Activity: Pictures do not belong in the output. Reproduce exactly the lines from the start of the records through the line with "Asparagus myriocladus +".

═══ Extracted material ═══

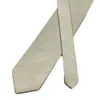 Papillon da uomo d'affari stile cravatta Passabin cravatta in seta classica dal design personalizzato a mano di lusso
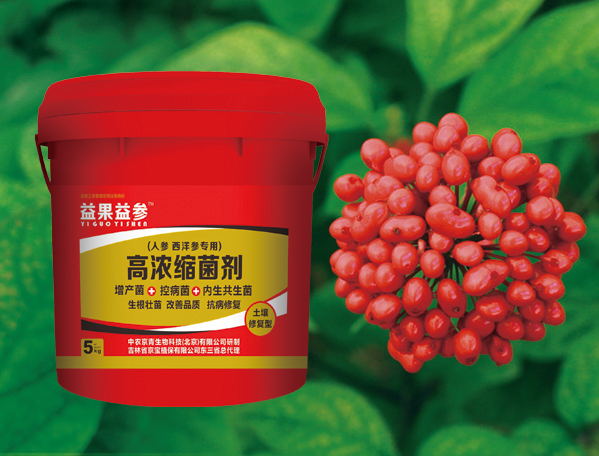 益果益参高浓缩菌剂
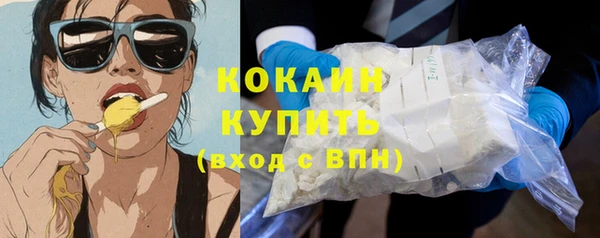 гашик Аркадак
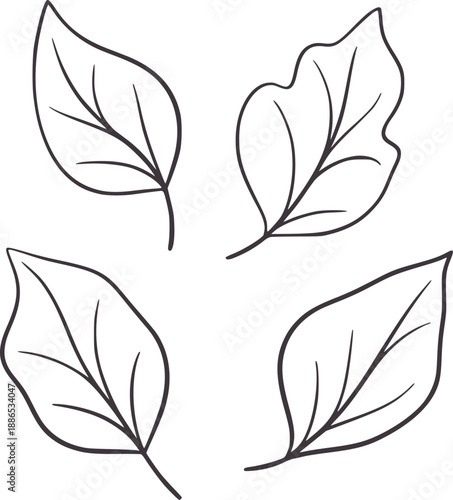 Four hand drawn outline leaves with veins leaf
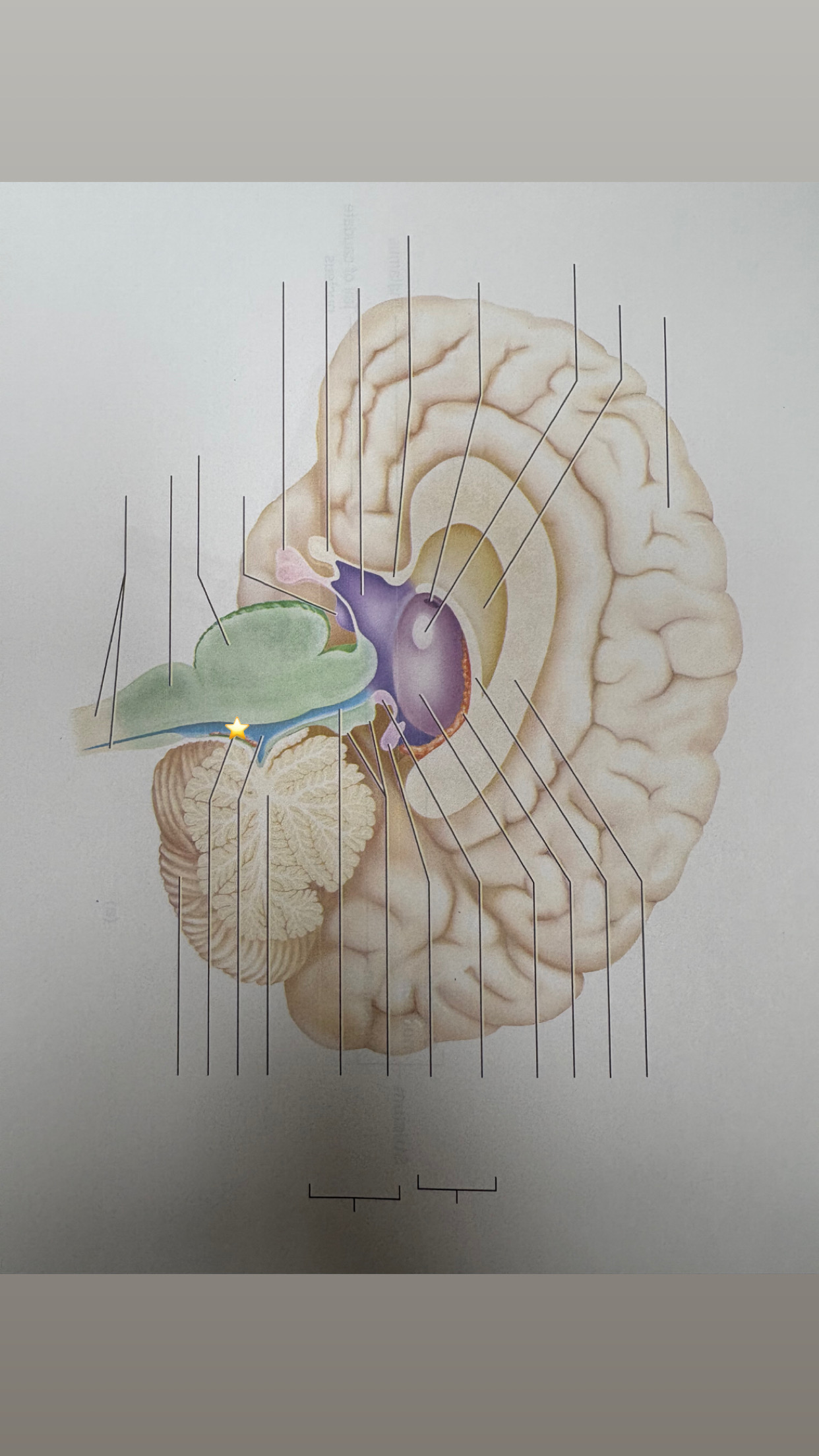 <p>name the starred structure</p>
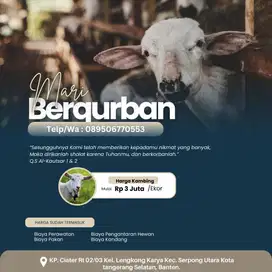 kambing qurbann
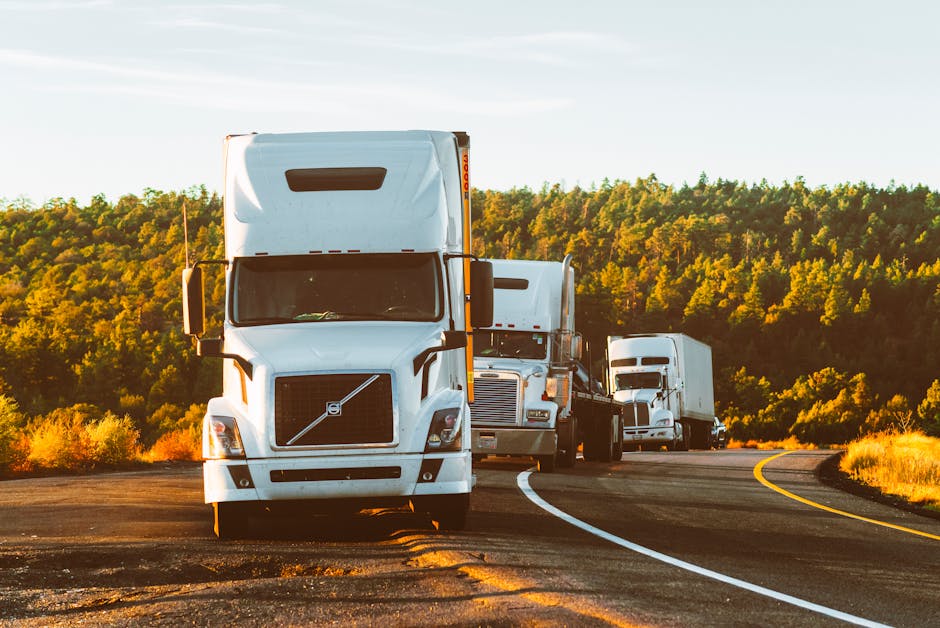 Why you should hire experienced freight forwarders to move your cargo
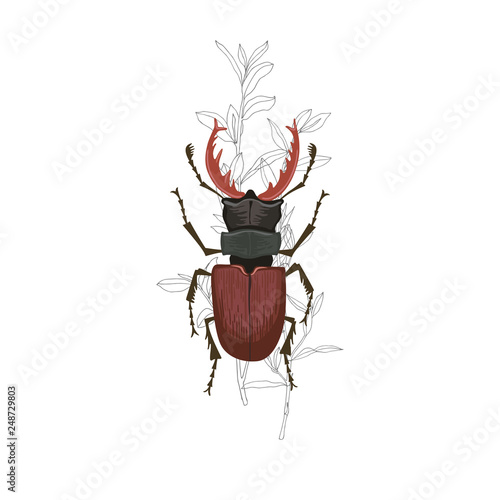 Hand drawn beetle vector illustration.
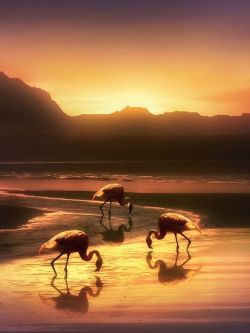 our-amazing-world:  Flamingo Sunrise Amazing World beautiful amazing 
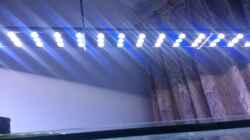 Coral LED 3300 mit Mondlichtschaltung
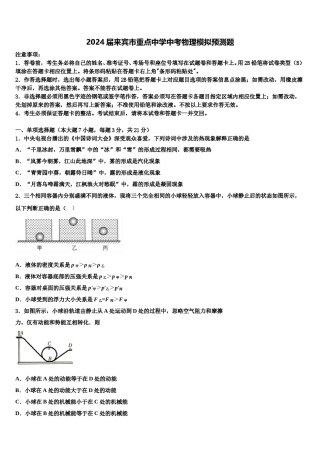 2024届来宾市重点中学中考物理模拟预测题含解析.doc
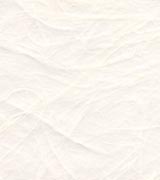 雲竜紙 厚口 晒の画像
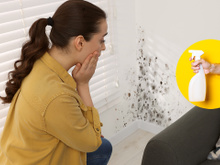 Parede cheia de bolor que chega a dar desespero: solução simples, com apenas 1 ingrediente que todo mundo tem em casa, resolve de um jeito impressionante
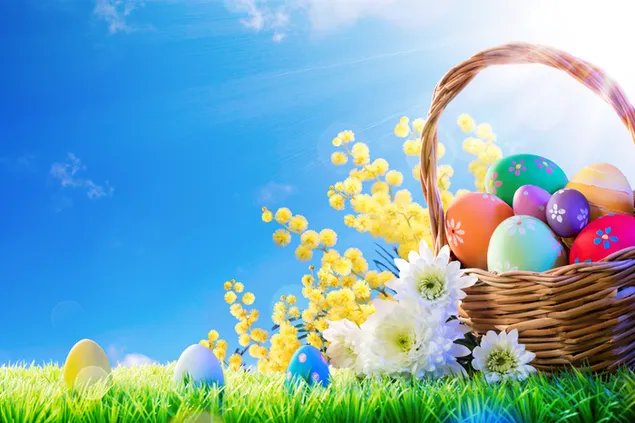 Colorful Easter Eggs & Flowers download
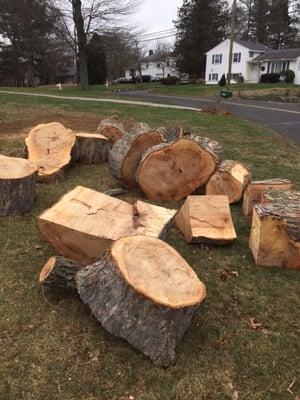 The tree they left behind on my front lawn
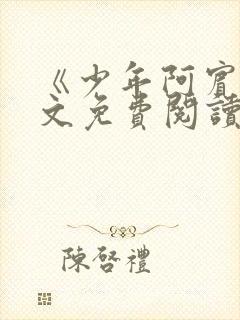 《少年阿宾》全文免费阅读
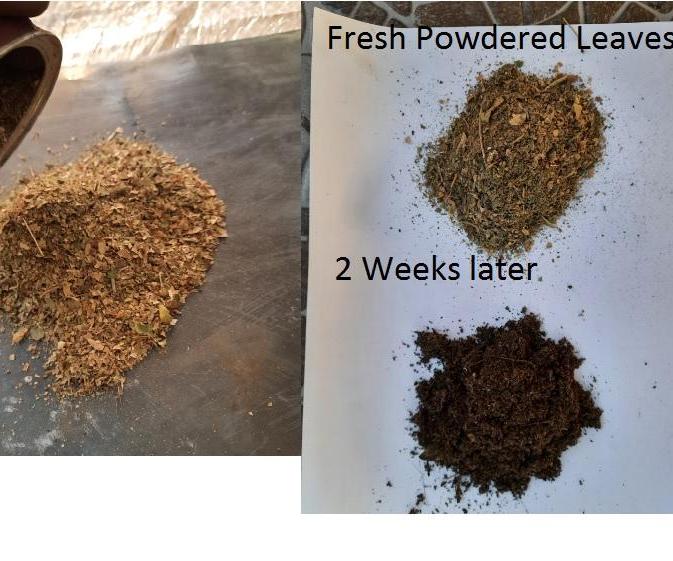 Dried Leaf Shredder From Scrap Cocoa Wafer Tin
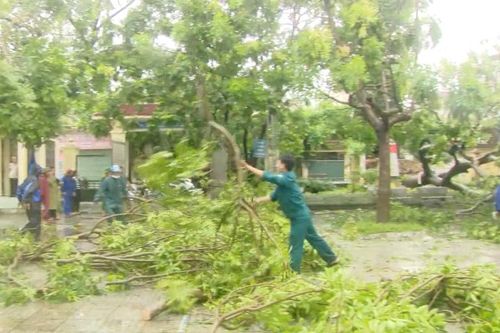 Nghệ An khẩn trương khắc phục hậu quả nặng nề sau bão số 5 Kajiki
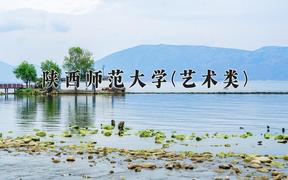 2024陕西师范大学(艺术类)录取分数线，陕西最低515分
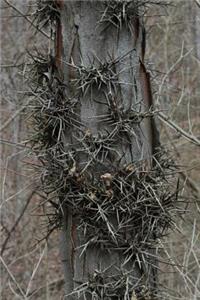 Tree Thorns Journal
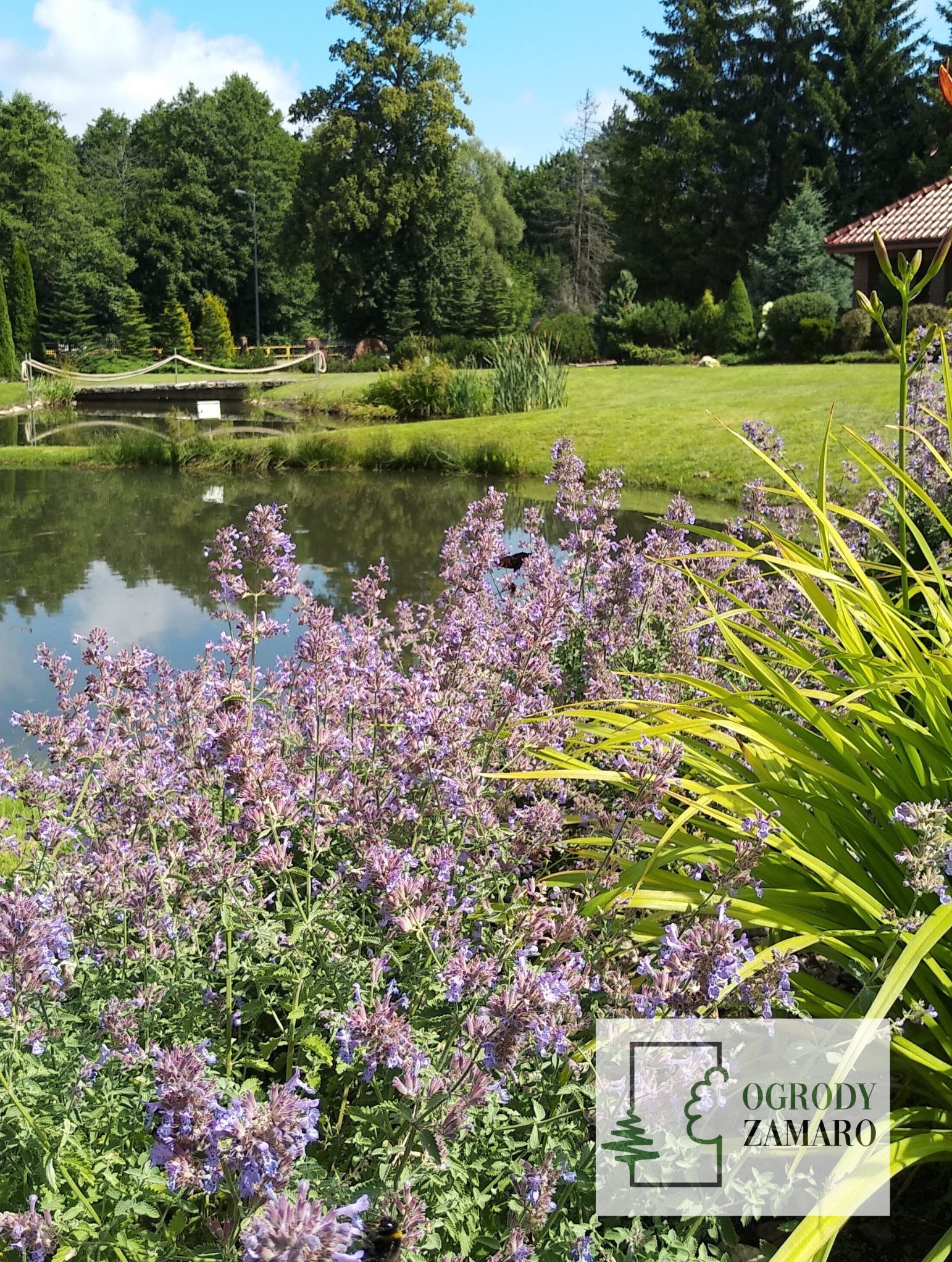 Ogród ze stawem, zakładanie ogrodów Elbląg i okolice
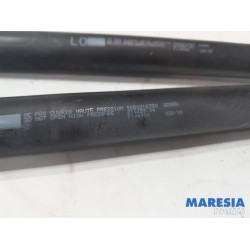 Peugeot - 207 - Set of tailgate gas struts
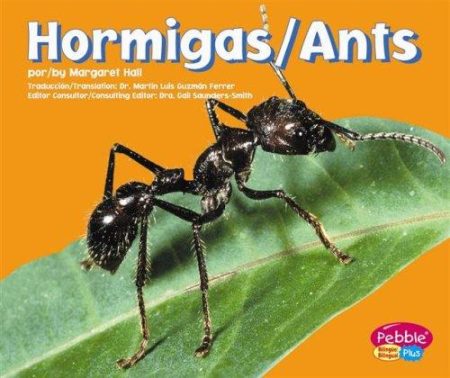 Ants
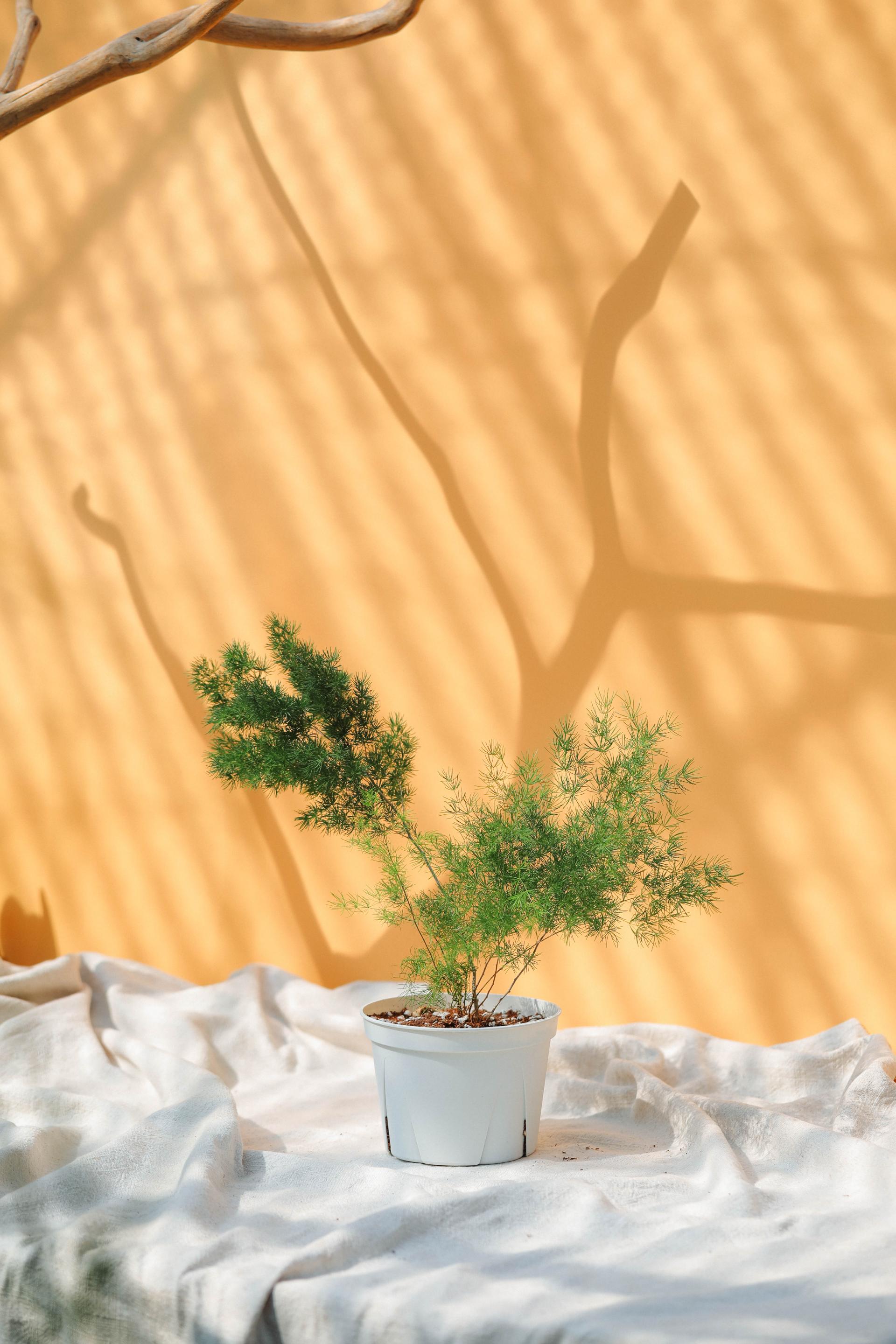 Asparagus myriocladus + White slit pot 아스파라거스 미리오클라두스 중품 + 화이트 슬릿
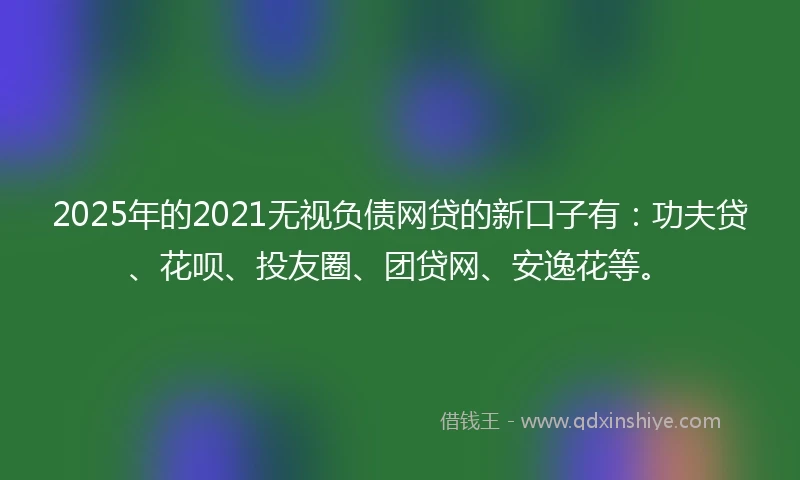 2025年的2021无视负债网贷的新口子有：功夫贷、花呗、投友圈、团贷网、安逸花等。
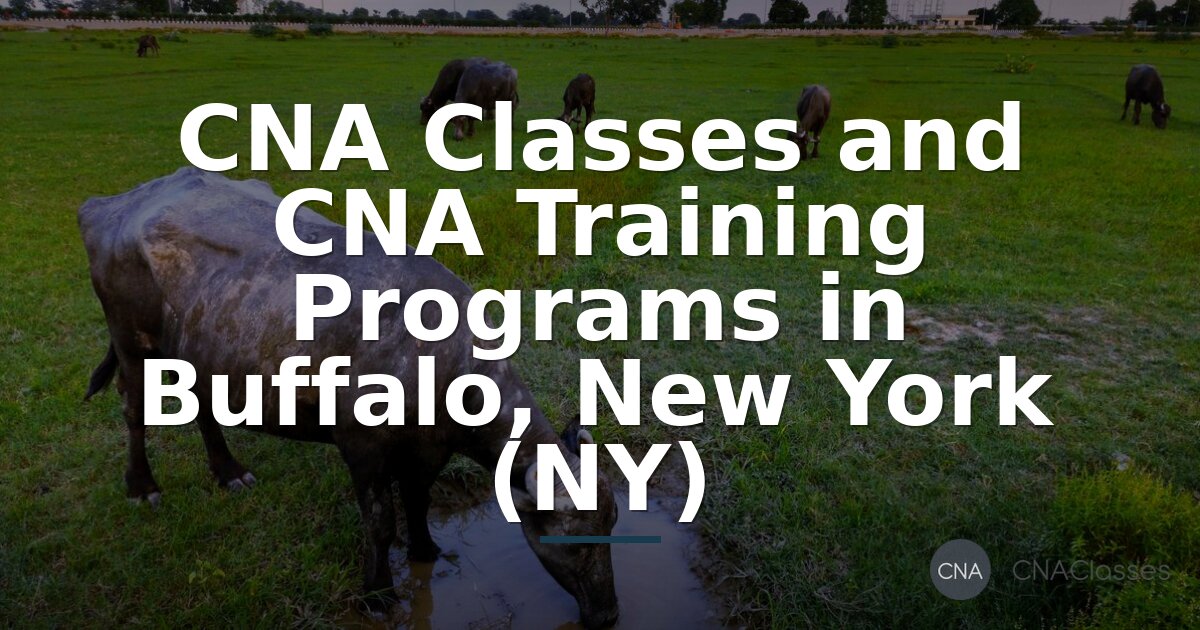 CNA Classes Buffalo NY | Free & Paid Training Programs (2026)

═══

Solution for this problem:
 Papillon da uomo d'affari stile cravatta Passabin cravatta in seta classica dal design personalizzato a mano di lusso
 益果益参高浓缩菌剂
 гашик Аркадак
 Four hand drawn outline leaves with veins leaf
 <p>name the starred structure</p>
 kambing qurbann
 Why you should hire experienced freight forwarders to move your cargo
 Hand drawn beetle vector illustration.
 our-amazing-world:  Flamingo Sunrise Amazing World beautiful amazing 
 Coral LED 3300 mit Mondlichtschaltung
 2024届来宾市重点中学中考物理模拟预测题含解析.doc
 雲竜紙 厚口 晒の画像
 Parede cheia de bolor que chega a dar desespero: solução simples, com apenas 1 ingrediente que todo mundo tem em casa, resolve de um jeito impressionante
 Colorful Easter Eggs & Flowers download
 The tree they left behind on my front lawn
 《少年阿宾》全文免费阅读
 Dried Leaf Shredder From Scrap Cocoa Wafer Tin
 Nghệ An khẩn trương khắc phục hậu quả nặng nề sau bão số 5 Kajiki
 2024陕西师范大学(艺术类)录取分数线，陕西最低515分
 Tree Thorns Journal
 Ogród ze stawem, zakładanie ogrodów Elbląg i okolice
 Peugeot - 207 - Set of tailgate gas struts
 Ants
 Asparagus myriocladus + White slit pot 아스파라거스 미리오클라두스 중품 + 화이트 슬릿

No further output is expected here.